Jean José España, Compagnon de la Libération
Jean José España est né à Paris le 10 décembre 1909. Après des études d’ingénieur à l’Institut Catholique des Arts et Métiers de Lille, et à l’Ecole supérieure d’électricité de Paris, il accomplit son service militaire dans l’artillerie en 1932 puis est embauché en 1936 à l’usine HUARD de Châteaubriant. En 1939, il est adjoint au directeur technique, par la suite directeur commercial, puis directeur général en 1958 et PDG de l’entreprise en 1967. Les salariés le surnomment « Le colonel ».
D’un caractère très réservé, décrit comme « glacial » par les salariés (en raison sans doute d’une grande timidité), il ne sait pas établir des contacts humains et laissera le souvenir d’un homme plus brillant comme soldat que comme ingénieur et chef d’entreprise.
Brillant soldat ? Oh que oui ! puisque nommé Compagnon de la Libération le 17 novembre 1945 par le Général de Gaulle. L’Ordre de la Libération, la plus haute distinction, est créée le 16 novembre 1940, pour récompenser les 1061 plus valeureux de ceux qui ont œuvré pour la Libération de notre pays (parmi lesquels cinq villes et dix-huit unités combattantes).

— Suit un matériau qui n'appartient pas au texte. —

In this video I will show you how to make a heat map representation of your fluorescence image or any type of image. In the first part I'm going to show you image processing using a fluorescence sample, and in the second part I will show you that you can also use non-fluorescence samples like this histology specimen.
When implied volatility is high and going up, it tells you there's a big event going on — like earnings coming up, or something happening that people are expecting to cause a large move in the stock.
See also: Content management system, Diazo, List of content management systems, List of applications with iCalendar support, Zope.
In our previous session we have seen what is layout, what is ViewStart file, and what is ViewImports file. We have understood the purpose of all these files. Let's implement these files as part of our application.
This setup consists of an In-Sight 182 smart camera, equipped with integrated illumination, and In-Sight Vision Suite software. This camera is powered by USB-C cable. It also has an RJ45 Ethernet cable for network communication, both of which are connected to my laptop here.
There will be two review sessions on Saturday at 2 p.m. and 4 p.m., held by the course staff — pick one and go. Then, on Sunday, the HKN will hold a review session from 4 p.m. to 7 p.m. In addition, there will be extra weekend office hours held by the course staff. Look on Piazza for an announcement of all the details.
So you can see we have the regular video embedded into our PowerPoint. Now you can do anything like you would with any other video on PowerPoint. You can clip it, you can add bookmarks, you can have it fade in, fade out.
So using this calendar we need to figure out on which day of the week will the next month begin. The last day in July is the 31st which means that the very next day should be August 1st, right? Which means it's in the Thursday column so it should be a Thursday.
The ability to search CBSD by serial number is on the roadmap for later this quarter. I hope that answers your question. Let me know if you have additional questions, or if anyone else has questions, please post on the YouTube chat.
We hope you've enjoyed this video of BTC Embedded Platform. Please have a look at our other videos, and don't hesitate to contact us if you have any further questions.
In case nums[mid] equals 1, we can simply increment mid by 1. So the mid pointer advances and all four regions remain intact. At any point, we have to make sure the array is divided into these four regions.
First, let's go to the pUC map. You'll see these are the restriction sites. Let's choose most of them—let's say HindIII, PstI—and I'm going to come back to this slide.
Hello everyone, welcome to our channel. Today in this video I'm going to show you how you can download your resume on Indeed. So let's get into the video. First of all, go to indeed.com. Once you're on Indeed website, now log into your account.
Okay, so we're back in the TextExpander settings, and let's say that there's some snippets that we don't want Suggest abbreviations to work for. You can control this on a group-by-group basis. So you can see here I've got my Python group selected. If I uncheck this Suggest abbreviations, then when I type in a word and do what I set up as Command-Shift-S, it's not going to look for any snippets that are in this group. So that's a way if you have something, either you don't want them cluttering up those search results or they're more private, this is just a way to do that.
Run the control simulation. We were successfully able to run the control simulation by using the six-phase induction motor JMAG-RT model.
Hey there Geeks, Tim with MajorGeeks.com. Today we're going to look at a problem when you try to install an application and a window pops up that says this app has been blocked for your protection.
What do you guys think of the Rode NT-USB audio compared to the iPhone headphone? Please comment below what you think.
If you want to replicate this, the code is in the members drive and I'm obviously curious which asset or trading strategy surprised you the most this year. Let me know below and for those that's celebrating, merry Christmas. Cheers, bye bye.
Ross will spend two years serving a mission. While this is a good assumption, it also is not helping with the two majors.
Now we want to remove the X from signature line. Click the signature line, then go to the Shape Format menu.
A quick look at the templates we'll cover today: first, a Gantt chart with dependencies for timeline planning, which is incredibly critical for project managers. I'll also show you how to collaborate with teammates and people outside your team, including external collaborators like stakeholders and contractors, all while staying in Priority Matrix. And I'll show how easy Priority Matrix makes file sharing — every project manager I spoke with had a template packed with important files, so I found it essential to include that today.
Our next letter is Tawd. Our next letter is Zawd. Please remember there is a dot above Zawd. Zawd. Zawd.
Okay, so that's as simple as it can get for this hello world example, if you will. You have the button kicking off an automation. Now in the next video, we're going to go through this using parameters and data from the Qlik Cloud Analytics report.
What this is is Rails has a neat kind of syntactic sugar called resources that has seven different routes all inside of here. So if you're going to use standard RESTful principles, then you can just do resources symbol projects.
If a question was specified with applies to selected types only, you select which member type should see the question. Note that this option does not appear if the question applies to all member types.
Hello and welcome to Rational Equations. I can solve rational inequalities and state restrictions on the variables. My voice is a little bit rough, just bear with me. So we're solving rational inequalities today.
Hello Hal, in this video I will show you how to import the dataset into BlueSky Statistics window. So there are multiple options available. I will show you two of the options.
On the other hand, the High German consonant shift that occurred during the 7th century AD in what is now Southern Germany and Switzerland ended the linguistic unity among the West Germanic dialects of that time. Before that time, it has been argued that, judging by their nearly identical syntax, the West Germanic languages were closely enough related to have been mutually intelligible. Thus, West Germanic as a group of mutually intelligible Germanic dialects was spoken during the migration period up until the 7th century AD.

Dans le livre de Jean-Christophe Notin « 1061 Compagnons », publié à la Librairie Académique Perrin, on découvre Jean-José España à Dunkerque, fin mai 1940, au cours de l’opération Dynamo qui consiste à rembarquer vers l’Angleterre, par le port et les plages de Dunkerque, 200 000 Anglais du corps expéditionnaire britannique et 130 000 Français, menacés d’encerclement par l’avance allemande. ESPANA y commande la huitième batterie soit quatre canons de 75 mm et six mitrailleuses. Dos à la mer, il couvre l’évacuation des troupes alliées. Les chances de s’en sortir sont nulles, mais le moral des artilleurs ne faiblit pas.
La batterie d’España est la dernière à cracher ses obus. Un éclat ayant traversé sa cuisse, le lieutenant est transporté à l’hôpital de Zuydecoote pour être opéré d’urgence. Fait prisonnier sur son lit le 4 juin 1940, il est transféré avec ses camarades au Touquet puis à Lille, ville qu’il connaît bien pour y avoir poursuivi ses études. Dès qu’il se sent mieux, España échappe à la surveillance des gardes et accourt à l’ICAM où un révérend père Jésuite lui établit une fausse carte d’élève, dûment tamponnée, au nom de Molina, et lui donne une vieille bicyclette, avec de bons pneus, sur laquelle España-Molina gagne Paris, puis franchit la ligne de démarcation, et réussit à entrer en Espagne.
Emprisonné en Espagne
Avec sa carte au nom de Molina, on le prend pour un Espagnol, qui aurait dû être mobilisé en 1936 au temps de la guerre civile. Les autorités franquistes l’arrêtent donc comme déserteur. Il est emprisonné à Figueras, Reus et Madrid, puis placé en liberté surveillée et réformé.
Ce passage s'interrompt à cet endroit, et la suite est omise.